┏━━

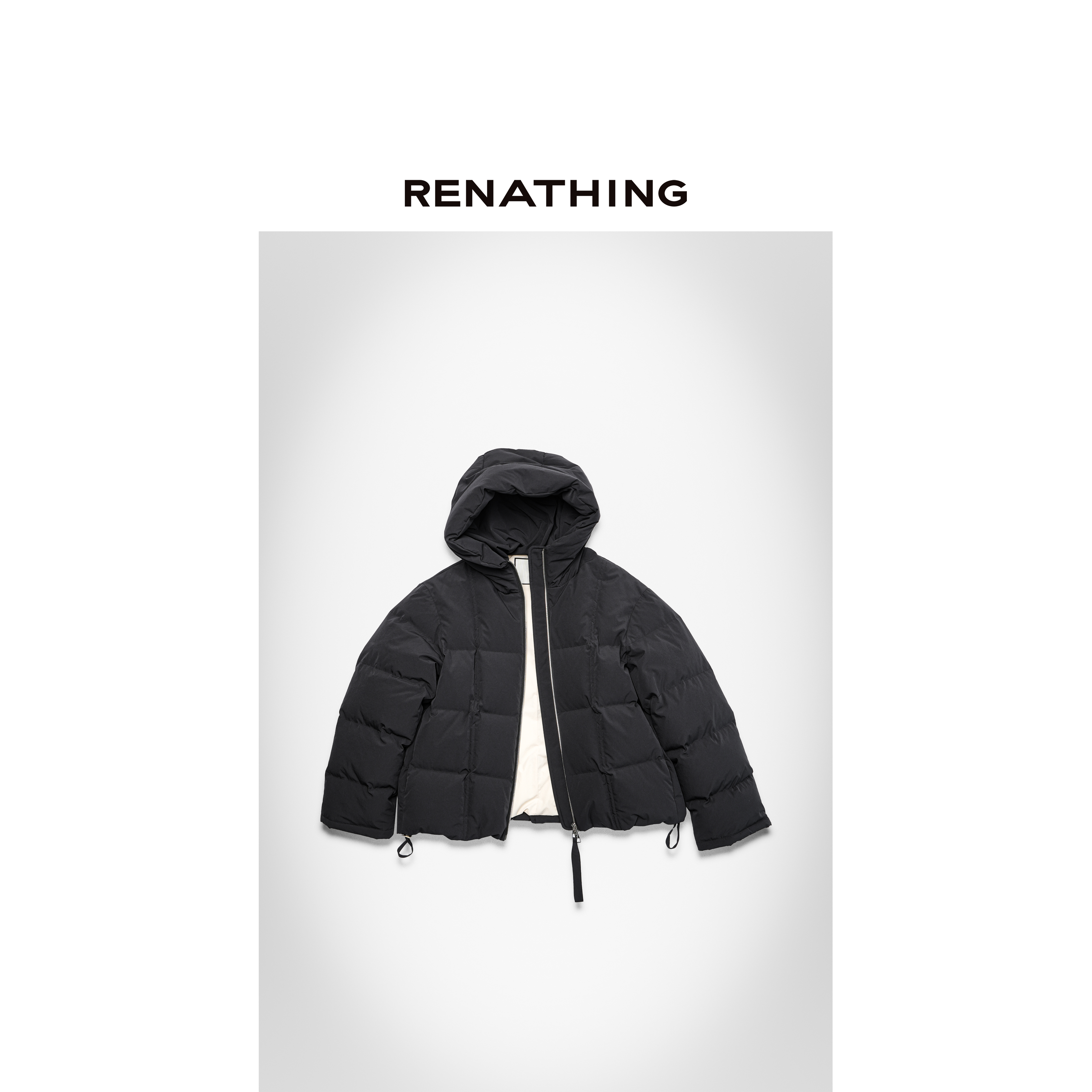 【RENATHING】纯色抽绳绗缝短款羽绒服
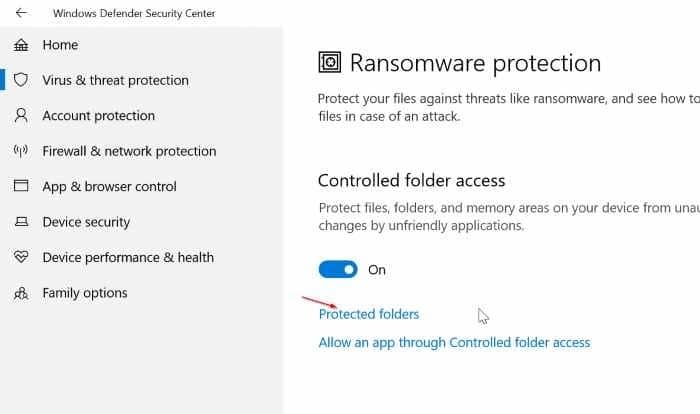 turn on built in ransomware protection in Windows 10 pic05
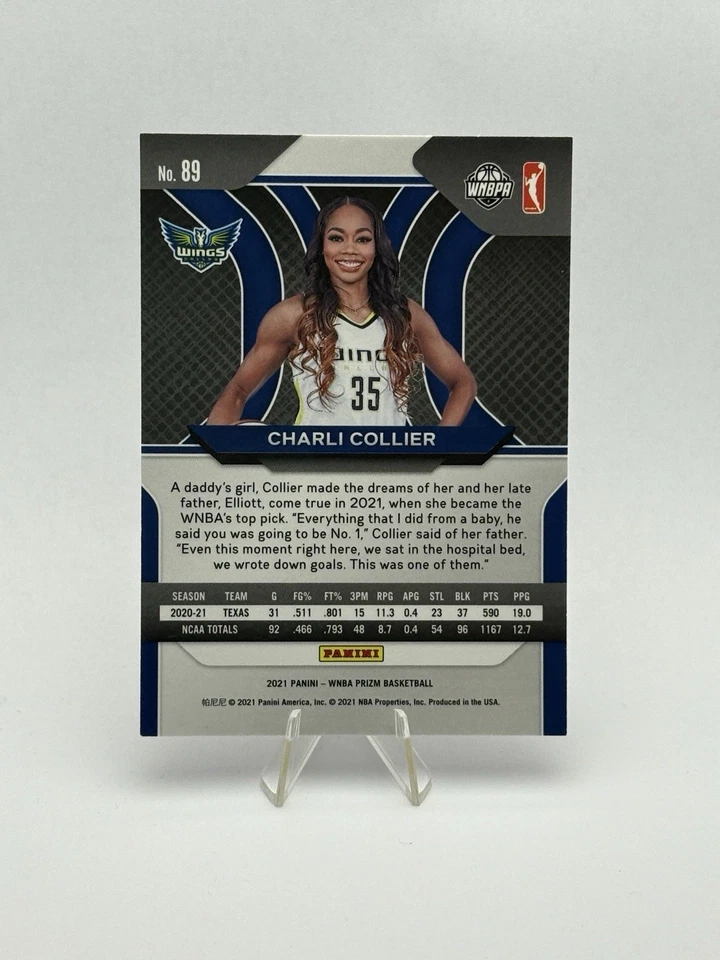 2021 Panini Prizm WNBA Charli Collier RC #89 Dallas Wings - Image 2 of 2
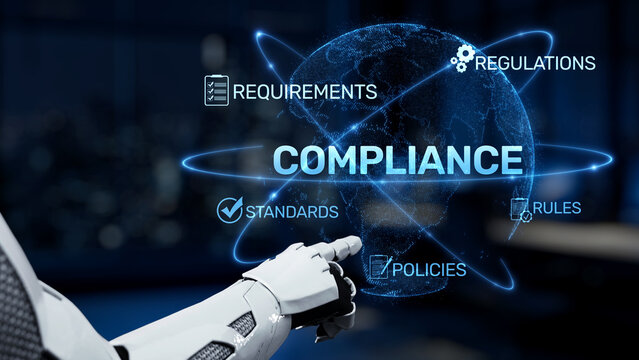A robotic hand points at a digital globe, symbolizing the concept of compliance. This image features essential aspects such as requirements, regulations, and standards. Synapse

┗━━

* _Your goal_
With the pictures left out, write out all of the data exactly.

* _Output below_
 【RENATHING】纯色抽绳绗缝短款羽绒服
 turn on built in ransomware protection in Windows 10 pic05
 2021 Panini Prizm WNBA Charli Collier RC #89 Dallas Wings - Image 2 of 2
A robotic hand points at a digital globe, symbolizing the concept of compliance. This image features essential aspects such as requirements, regulations, and standards. Synapse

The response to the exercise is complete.